Collected data:
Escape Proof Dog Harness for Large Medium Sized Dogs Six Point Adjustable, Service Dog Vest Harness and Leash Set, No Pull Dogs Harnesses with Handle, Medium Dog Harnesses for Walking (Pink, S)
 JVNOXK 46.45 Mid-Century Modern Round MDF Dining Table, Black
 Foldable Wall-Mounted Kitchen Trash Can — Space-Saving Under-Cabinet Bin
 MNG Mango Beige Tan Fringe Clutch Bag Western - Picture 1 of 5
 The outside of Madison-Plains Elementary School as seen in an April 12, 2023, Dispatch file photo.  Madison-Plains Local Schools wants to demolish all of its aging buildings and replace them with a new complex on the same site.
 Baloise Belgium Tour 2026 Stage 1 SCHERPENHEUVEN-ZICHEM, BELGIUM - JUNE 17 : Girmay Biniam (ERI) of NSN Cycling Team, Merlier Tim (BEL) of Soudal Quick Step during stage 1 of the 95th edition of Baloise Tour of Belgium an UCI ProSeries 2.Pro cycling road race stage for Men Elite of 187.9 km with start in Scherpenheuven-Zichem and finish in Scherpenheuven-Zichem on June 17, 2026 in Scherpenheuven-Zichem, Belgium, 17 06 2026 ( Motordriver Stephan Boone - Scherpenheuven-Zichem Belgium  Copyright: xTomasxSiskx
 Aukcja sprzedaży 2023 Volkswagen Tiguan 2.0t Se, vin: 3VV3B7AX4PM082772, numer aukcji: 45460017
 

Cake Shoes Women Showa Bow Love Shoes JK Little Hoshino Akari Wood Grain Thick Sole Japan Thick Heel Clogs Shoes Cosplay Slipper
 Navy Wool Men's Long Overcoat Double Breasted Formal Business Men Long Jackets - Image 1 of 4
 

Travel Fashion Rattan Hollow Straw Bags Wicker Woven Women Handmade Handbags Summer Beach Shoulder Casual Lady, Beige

Description of the task: Copy all the lines above that hold the string "with".

Task answer:
Escape Proof Dog Harness for Large Medium Sized Dogs Six Point Adjustable, Service Dog Vest Harness and Leash Set, No Pull Dogs Harnesses with Handle, Medium Dog Harnesses for Walking (Pink, S)
 The outside of Madison-Plains Elementary School as seen in an April 12, 2023, Dispatch file photo.  Madison-Plains Local Schools wants to demolish all of its aging buildings and replace them with a new complex on the same site.
 Baloise Belgium Tour 2026 Stage 1 SCHERPENHEUVEN-ZICHEM, BELGIUM - JUNE 17 : Girmay Biniam (ERI) of NSN Cycling Team, Merlier Tim (BEL) of Soudal Quick Step during stage 1 of the 95th edition of Baloise Tour of Belgium an UCI ProSeries 2.Pro cycling road race stage for Men Elite of 187.9 km with start in Scherpenheuven-Zichem and finish in Scherpenheuven-Zichem on June 17, 2026 in Scherpenheuven-Zichem, Belgium, 17 06 2026 ( Motordriver Stephan Boone - Scherpenheuven-Zichem Belgium  Copyright: xTomasxSiskx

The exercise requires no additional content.